| RECORDED DATA |
Segment Open

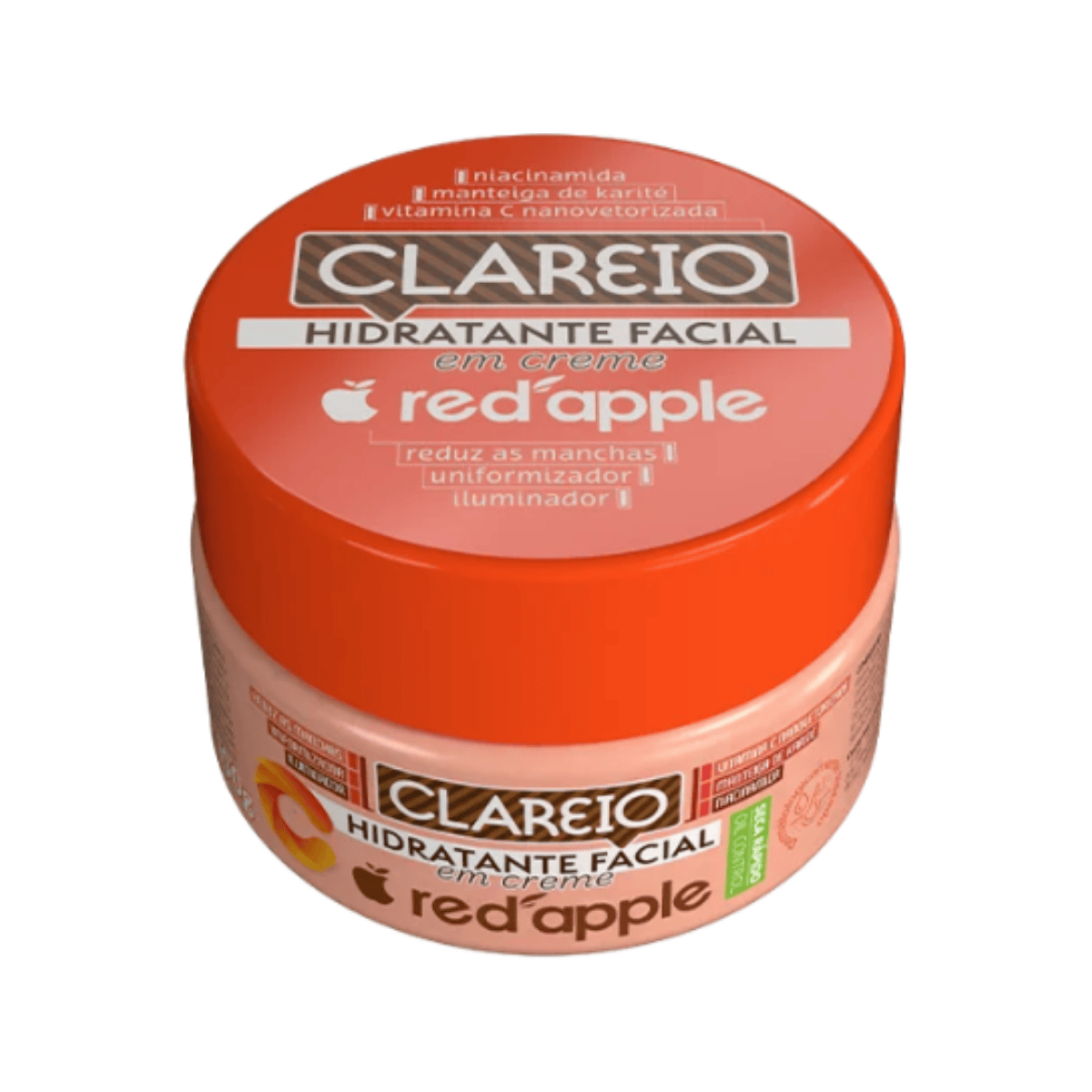 Red Apple Hidratante Facial Creme Clareio 100ml 100ml 3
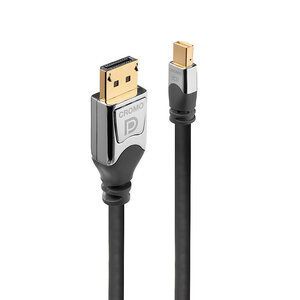 CROMO DisplayPort Kabel MiniDisplayPort/DisplayPort Stecker/Stecker Schwarz 3m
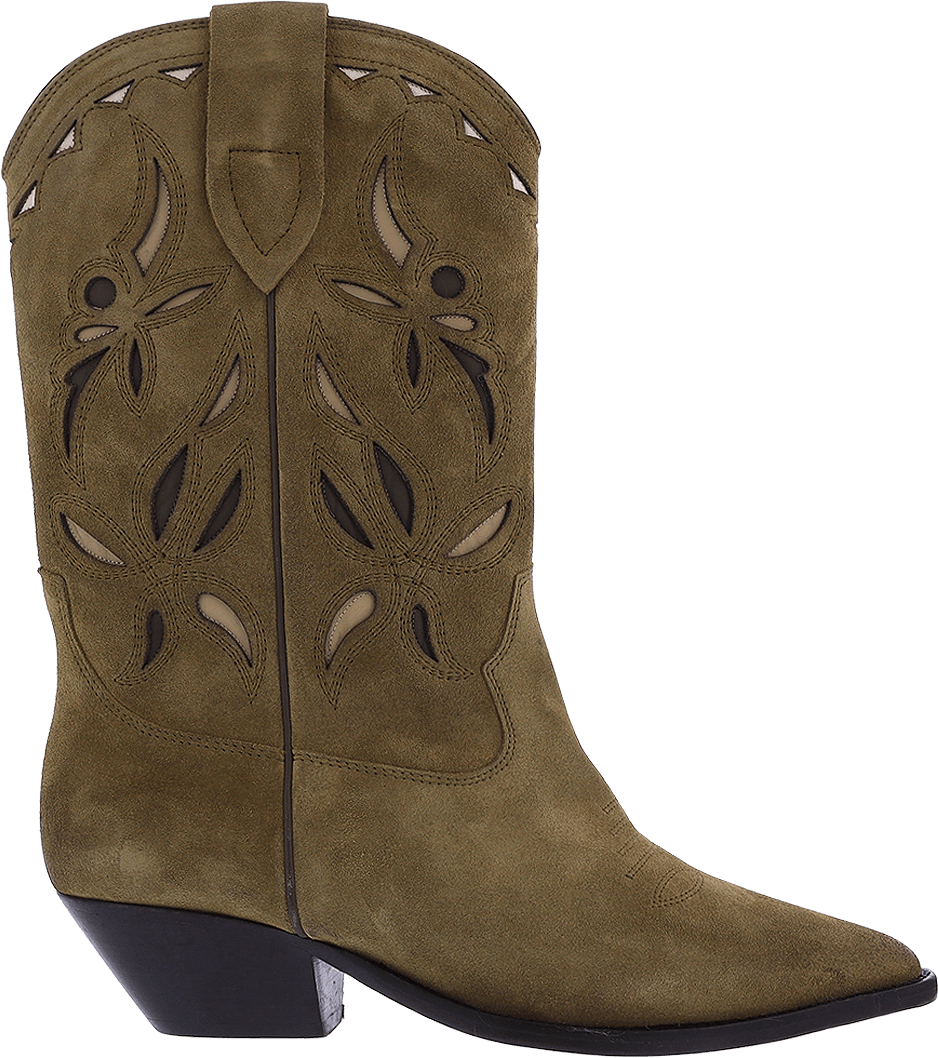 Isabel Marant Dames Duerto Cowboy Boots Beige Beige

Segment Closed

| ACTIVITY |
Starting at the line that contains "CROMO DisplayPort Kabel", restate each line verbatim through the final line of the listing, skipping all pictures.

| WRITTEN REPLY |
 CROMO DisplayPort Kabel MiniDisplayPort/DisplayPort Stecker/Stecker Schwarz 3m
 Isabel Marant Dames Duerto Cowboy Boots Beige Beige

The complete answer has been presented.